Murat HAFIZOĞLU
Kur’an üzerinde hakkı verilmiş bir anlama faaliyetinin gerçekleştirilebilmesi için kendi içinde bütüncül ve tutarlı bir sisteme ihtiyaç bulunduğu açıktır. Üstelik bu sistemin sadece bütüncül ve tutarlı olması değil, aynı zamanda mümkün en üst seviyede nesnelliği/objektiviteyi sağlaması da esastır. Kur’an’ın hidayete erdirme özelliğinin tezahürü buna bağlıdır.
Ahkâm ayetleri ya da mücmel bırakılmış (kimi kıssalar gibi) diğer konular üzerindeki ihtilafı belli ölçülerde tolere etmek mümkün, hatta yerine göre gerekli iken, Din’in temeline (Usulüddîn) doğrudan taalluk edeceği, yani Din telakkisini belirleyeceği için itikadî meselelerde göreceliğin/öznelliğin mümkün olduğunca asgari seviyeye indirilmesi gerekir. Aksi halde neye nasıl inanılacağı konusunda meydana gelecek kargaşa ve belirsizlik, dinin varlık ve bekasına yönelik en büyük tehlike olarak sahne alacaktır.

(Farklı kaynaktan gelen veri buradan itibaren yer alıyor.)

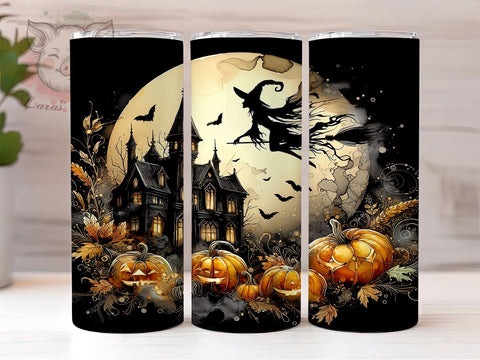 Haunted House 20oz Tumbler Png, Straight & Tapered Tumbler Png, Flying Witch & Full Moon Tumbler Png, Digital Download PNG Sublimation Lara' s Designs 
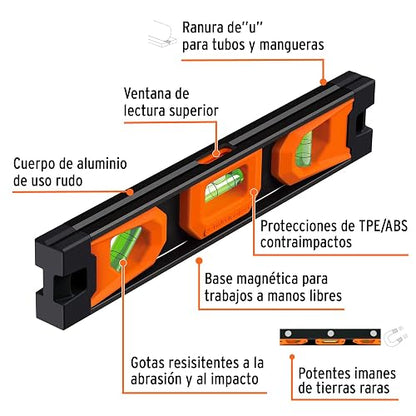 Truper NTX-9, Nivel torpedo magnético, cuerpo de aluminio, 10" largo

Kur’an’ın Yahudilik ve Hristiyanlık tecrübelerine yaptığı onca ısrarlı vurguyu bu merkezde ele almazsak, temel bir Kur’anî maksadı ıskalamış oluruz.
Anlama sisteminin nesnelliği, Usul-i Fıkıh ve Usul-i Tefsir kaynaklarında detaylarıyla işlenen hiyerarşik referans mekanizmasına intibak kabiliyeti ile doğru orantılıdır ki bu mekanizma Kur’an’ın, kısaca ve sırasıyla Kur’an, Sünnet ve Sahabî kavlinden oluşan üç naklî zeminde anlaşılması ilkesi üzerine oturur.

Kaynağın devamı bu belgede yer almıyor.